Camilla me interesaba. Los últimos en nacer pueden «salirse con la suya más que sus hermanos mayores, ya que sus padres relajan las normas. Suelen ser cariñosos, divertidos y despreocupados, pero a menudo intentan alcanzar a sus hermanos mayores, que son más grandes, rápidos y saben más. Yo necesitaba saber más; me imaginaba que Camilla, la más joven, lo había tenido más fácil. Sin embargo, tuvo que lidiar con el patriarcado, que privilegia a los hombres e infravalora a las mujeres. Para contrarrestar este contexto, Camilla siguió los intereses de su padre por la botánica, la literatura y la historia familiar. Ella se vio recompensada con la cercanía de su padre. Pero, como yo lo entendía, tampoco le había funcionado especialmente bien. No había sido una niña divertida y cariñosa, sino que era frágil y nerviosa. Mientras dibujaba el genograma de su familia, observando las relaciones y el contexto entre ellos, formulé la hipótesis de que los hermanos de Camilla habían dañado su confianza. El impacto de la rivalidad agresiva entre hermanos, en un efecto tipo bullying, es tan dañino como el acoso escolar, pero a menudo no se controla.

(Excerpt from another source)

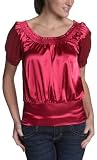 Rampage Women's Solid Stretch Charmuse Top With Smocking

Dado que esta había sido su experiencia desde la infancia, pregunté a Ivo lo que quería conseguir viniendo a verme en este momento.

–He sido realmente bueno enterrándolo. –Hizo una pausa y sonrió–. No soy como el hijo de mi madre para nada. Ella es la reina de la negación. A lo largo de los años he mantenido o escuchado conversaciones que me hicieron cuestionar si papá era mi padre. Siempre me rondaba eso por la cabeza. Subía a ver a papá y él se mostraba incómodo y muy distante. Sentía que no pertenecía a ese lugar. Henry y Camilla eran crueles el uno con el otro, pero disfrutaban uniéndose para ponerse en contra mía. Me ataban y me golpeaban con un cepillo para el pelo, me cubrían la cara, las orejas, la nariz de barro, que parecía excremento, y un sinfín de ataques más. Se burlaban de mí por ser feo y me llamaban estúpido. Recuerdo que Camilla me decía que el solo hecho de mirarme la hacía sentir mal.

Una vez más, me sorprendió la brutalidad de la escena que describía, así como la ausencia de emoción que mostraba al hablar, pero lo sentí retorcerse en mi pecho. Era muy difícil ver en el ojo de mi mente al niño indefenso siendo atacado de ese modo.

Se me ocurrió que la negligencia de sus padres había metabolizado dentro de los hermanos en ira y luego autodesprecio, que los llevaba a portarse mal entre ellos. Ivo se había ralentizado ahora, lo que permitió más espacio para que sus palabras y emociones conectaran entre sí. Me preguntaba si había captado mis emociones al leer mi rostro. Los sentimientos son contagiosos.

–No habría sabido cómo decirlo entonces, pero mirando a posteriori, solo quería estar a salvo y pertenecer a algo, aunque nunca lo conseguí. La falta de cuidado y atención que recibimos de nuestros padres nos aboca en el presente a una posición de riesgo, pero si vives en un castillo con foso y padres con título nobiliario, todo el mundo asume que tienes suerte y que vives en un sueño.

Percibía el dolor y la rabia contenida en el rostro de Ivo: apretaba la mandíbula ante la incomodidad que le causaban sus recuerdos. Supuse que era la primera vez que había expresado adecuadamente las numerosas capas de angustia asentadas en su cuerpo. Le dije lo impactante que era su experiencia: tuve imágenes perturbadoras de él siendo físicamente maltratado por sus hermanos y me sentía furiosa con ellos y protectora con él, al tiempo que reconocía que todos debían de estar sufriendo al comportarse de manera tan violenta.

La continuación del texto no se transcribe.